Sankt Valentin, zum Priester geweiht,
Lebte zu derselben Zeit,
Da Claudius der Zweite war
Römischer Kaiser. Offenbar
Ward diesem sein Christentum; da ließ
Der Kaiser ihn holen und sagte dies:
»O Valentinus, sage mir,
Mein Freund, warum hast du an dir
Eine fremde Gewohnheit, die dich triebe
Von mir und meiner Liebe,
Da du glauben willst an Christ,
Der dir zu nichts gut ist?
Das kommt dir nicht zu frommen!
Du solltest fröhlich kommen
Vor die Götter und ihnen geben
Dienstliches Opfer für dein Leben!
Sie geben dir Ehre und gut Gemach.«

Valentinus dagegen sprach:
»Ei, Kaiser, wäre dir nur bekannt
Gottes reichliche Vaterhand,
Was die den Seinen Liebes thut,
Ich weiß wohl, daß du deinen Mut
Wendetest von den Göttern, den toten,
Und dich an Christi Geboten
Hieltest immer fürbaß.
Den Göttern trügest du Haß,
Weil dir zu Gott die Liebe käme
Und dein Herz ganz einnähme.
Die Götter aber, von denen sie sagen,
Das waren Leute bei ihren Tagen;
Haß und Neid sah man sie tragen.
All' ihre Würde ist nun hin.
Ihnen zu opfern, hat keinen Sinn.
Doch Christus ist Licht, ist wahrer Gott.
Behieltest du sein Gebot,
So wollte er dir zu Lohne geben
Dort bei ihm ein ewiges Leben,
Und deiner Feinde dürfte sich
Keiner aufrichten wider dich!«

Claudius ward durch die Rede bewegt.
Die Fürsten aber, vom Zorn erregt,
Sprachen: »Willst du dich auch bekehren
Und die neue Christenheit lehren?
Wir sollen lieber behalten
Die Lehren unserer Alten!«

Der Kaiser schwieg zu diesen Dingen.
Man ließ den Priester zum Kerker bringen.
Sein Hüter hatte ein liebes Kind,
Ein Töchterlein, doch war es blind.
Da sprach er so zu Valentin:
»Du sprachst von deinem Gott vorhin,
Er sei ein Licht.
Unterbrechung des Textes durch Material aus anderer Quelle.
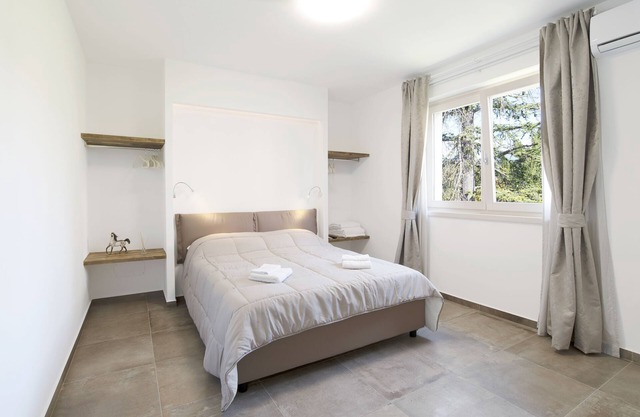 Modern Apartment Close to Lake Garda with Wi-Fi & Terrace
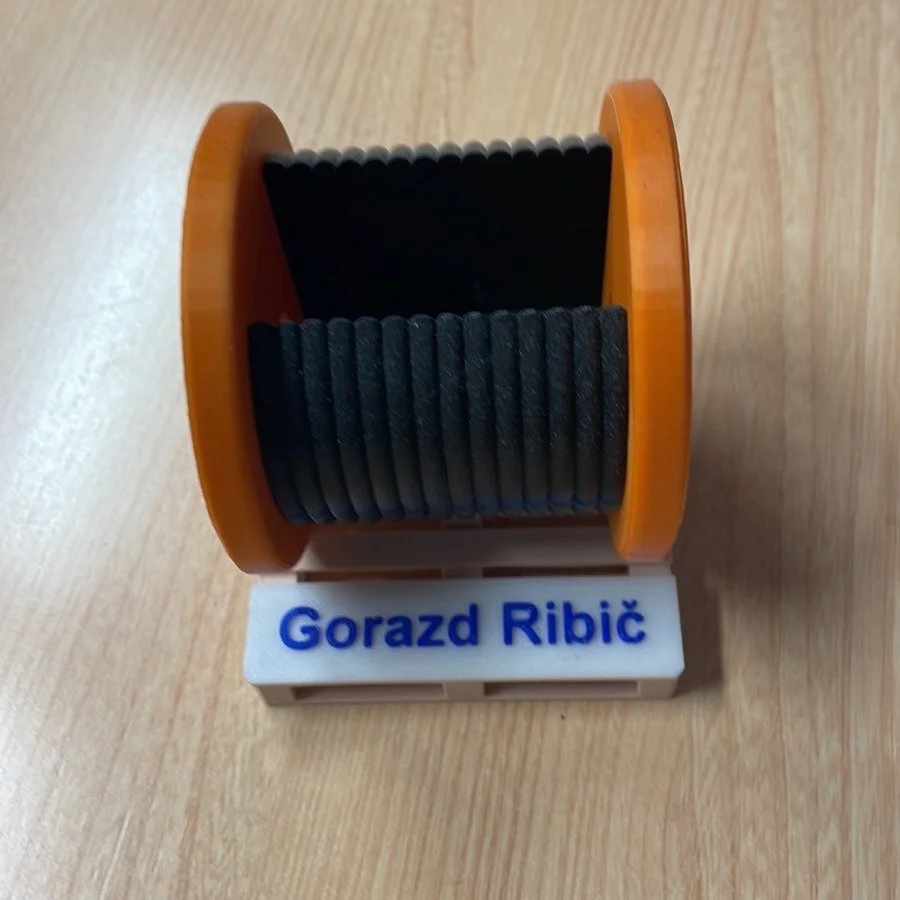 Kad te potraga za hemijskom podseti za koga radi&scaron;.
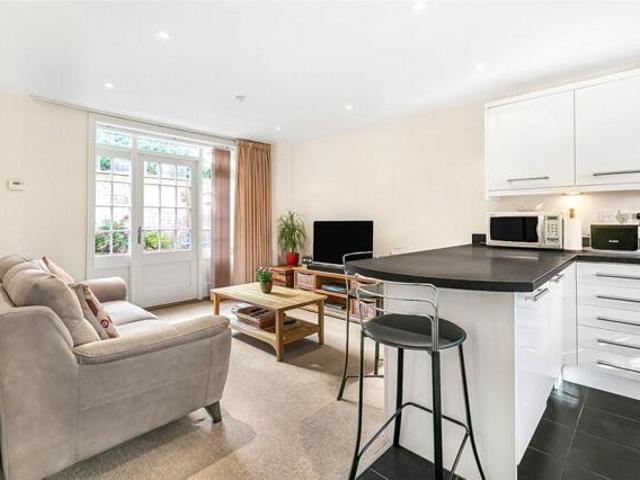 House for sale in Hatfield, Fretherne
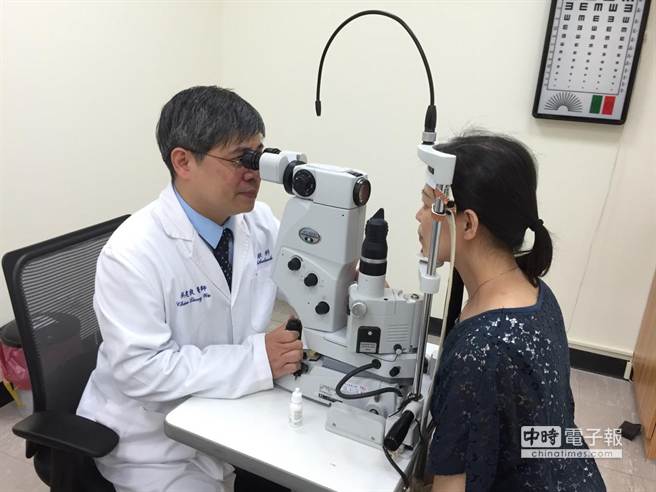 即便是接受過近視雷射手術的高度近視患者，也要定期至醫院接受追蹤，避免白內障早發而不自知。（陳瑄喻攝）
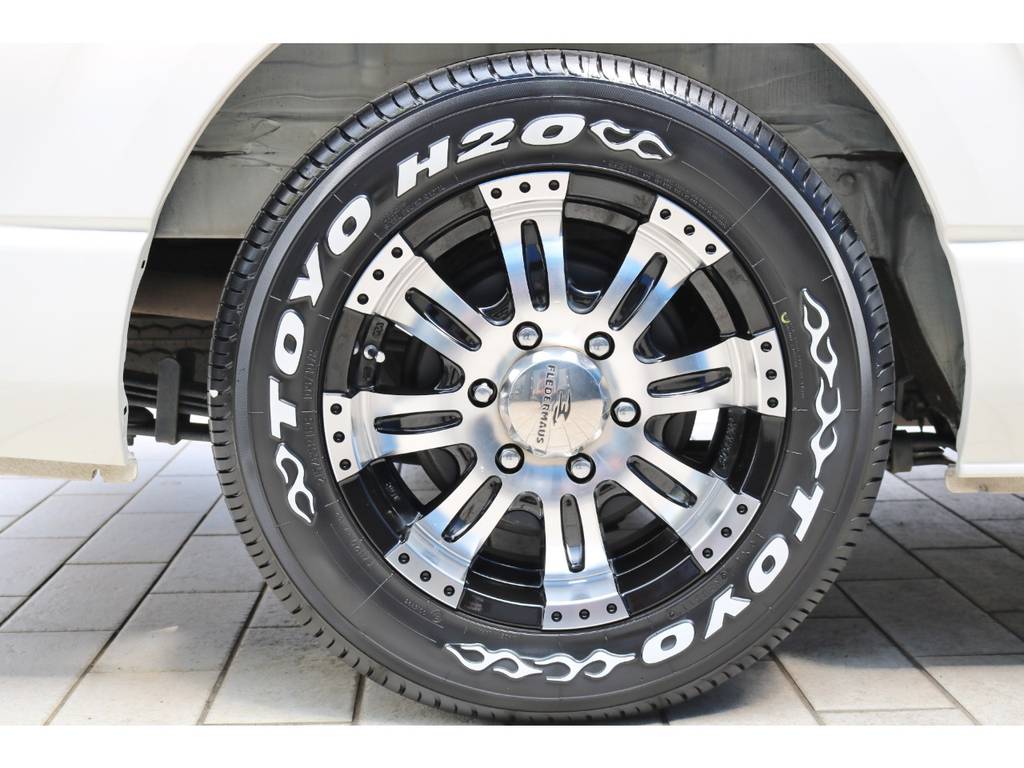クエルボ　１６インチアルミホイール＆ＴＯＹＯ　Ｈ２０タイヤ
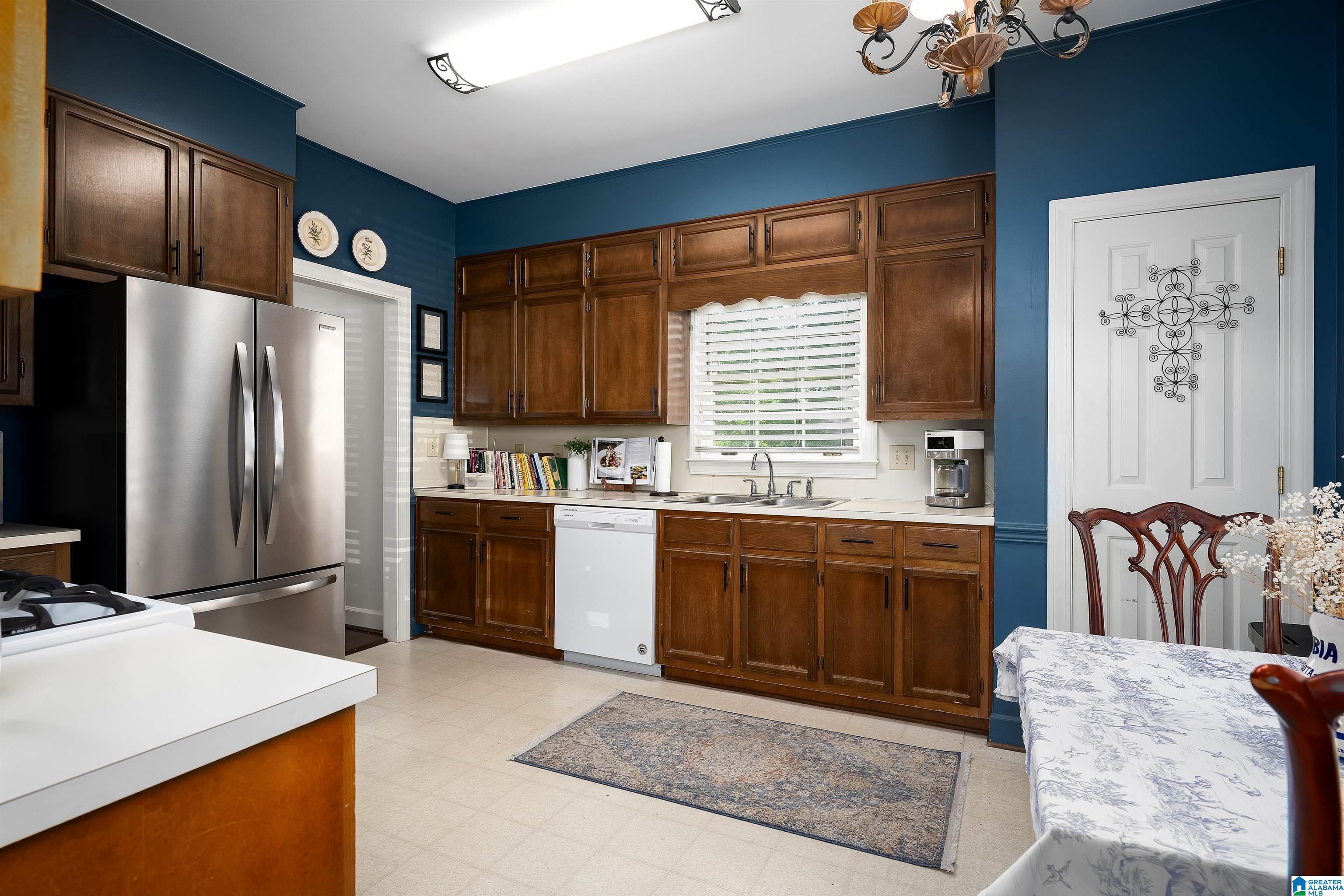 Photo 3 of Sale Pending at 4662 Round Forest Dr, Birmingham, AL 35213 | MLS# 21461631 | Listing updated on 2026-08-26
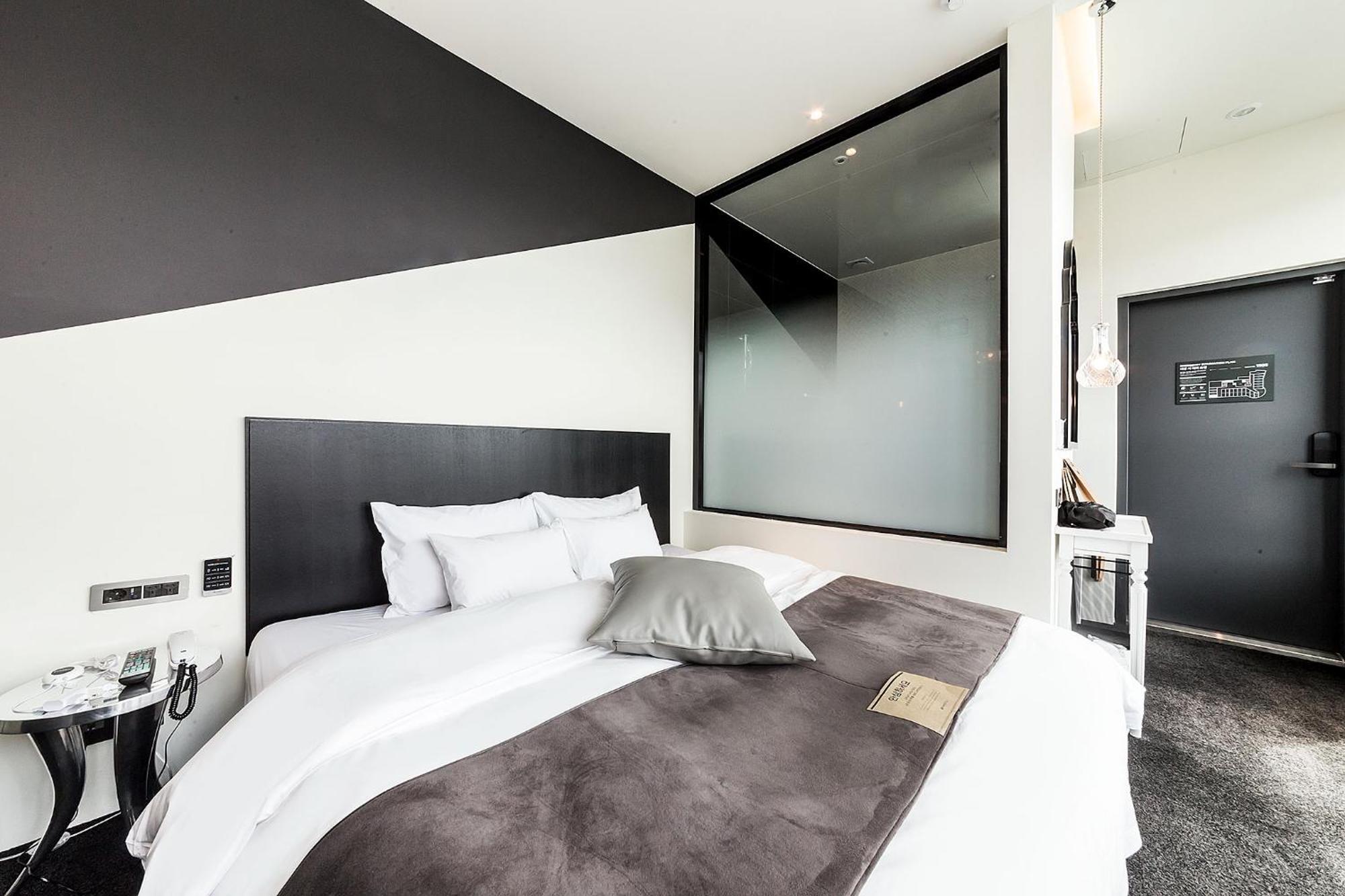 Hotel H Avenue Gwangalli Branch 2*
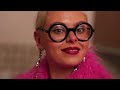 Rôle Huguette dans "Une soirée disco pour tout salir. Ajax pour tout nettoyer. Rien de tel !"
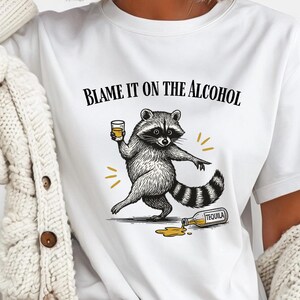Betrunkenes Waschbär-T-Shirt, Schuld daran ist das Alkohol-Waschbär-Shirt, Komfort-Farben-lustiges Waschbär-Shirt Bild 2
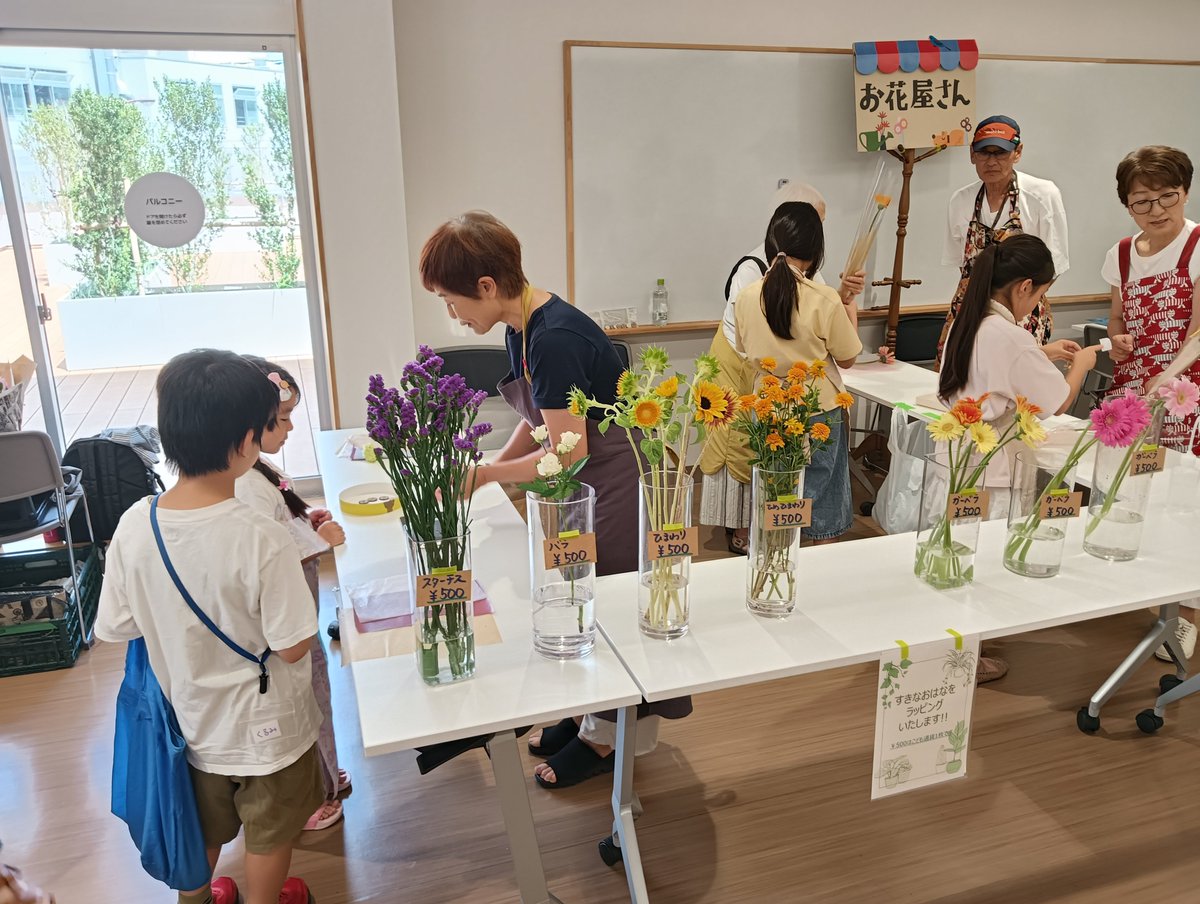 komaekubo1234's tweet photo. 今日の #こまえみらいテラス は子どもたちの楽しい声で溢れています！
市民活動支援センターの登録団体　#まなびデザインLAB のイベント子どものまちこまえが開催中！
まち♡ボラの参加者も #さかなつり のお店で活躍中！
#こまラジ
#KBase
#PLATHOME
#狛江市 https://t.co/zNCkOKQiq6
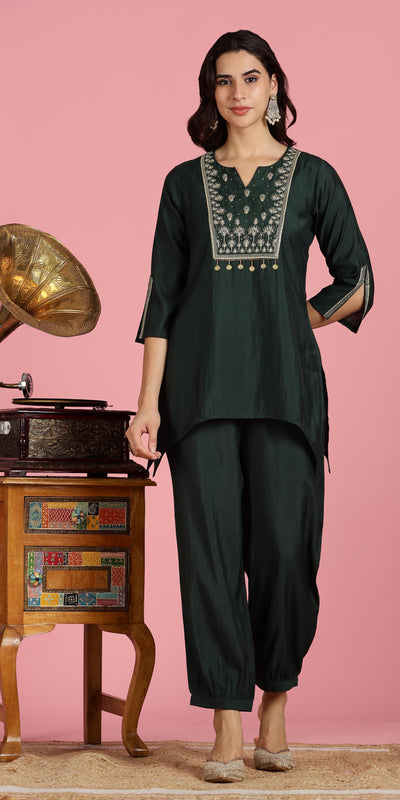 Women Dark Green Embroidered Chanderi Kurta Set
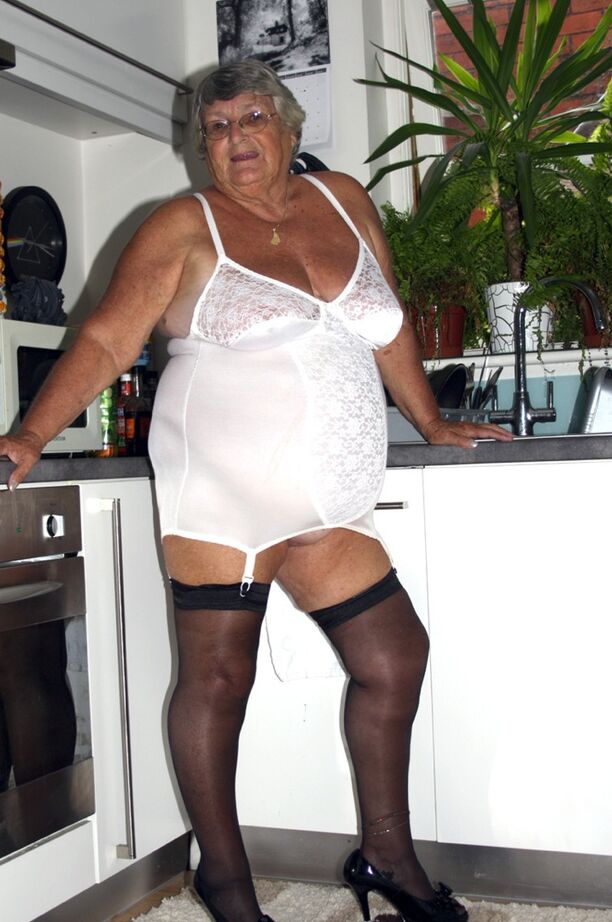20P Vovó obesa nan Libby libera seus peitos e arrebata lingerie vintage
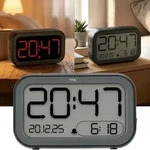 Digitalwecker mit LCD & LED Anzeige - Akku Tischuhr mit Lichtsensor & Snooze -...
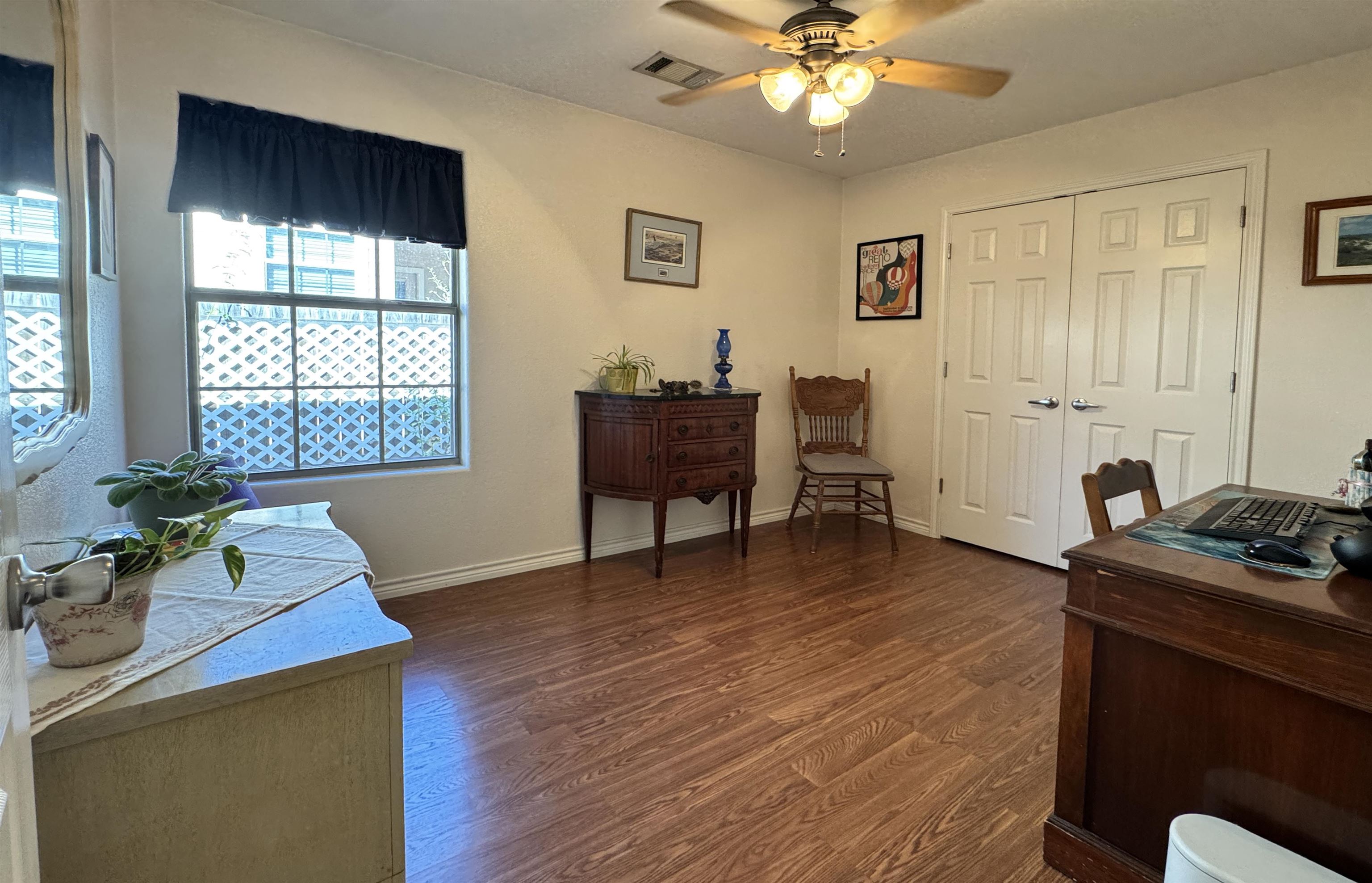 1109 E College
Wenn er entzünde
Die Augen meinem lieben Kinde,
So will ich lassen meine Götter
Und folgen ihm, dem wahren Retter.«

Da freute sich Valentin, der gute;
Er betete mit getreuem Mute
Zu Gott; der half dem Kinde da.
Wie freute sich, als er es sah,
Der Vater! Er und all' die Seinen
Eilten, sich Christo zu vereinen.

Dem Priester schlug man ab das Haupt.
Er fand den Lohn, wie er geglaubt.

Valentin, 14. Febr. Passional II. S. 185.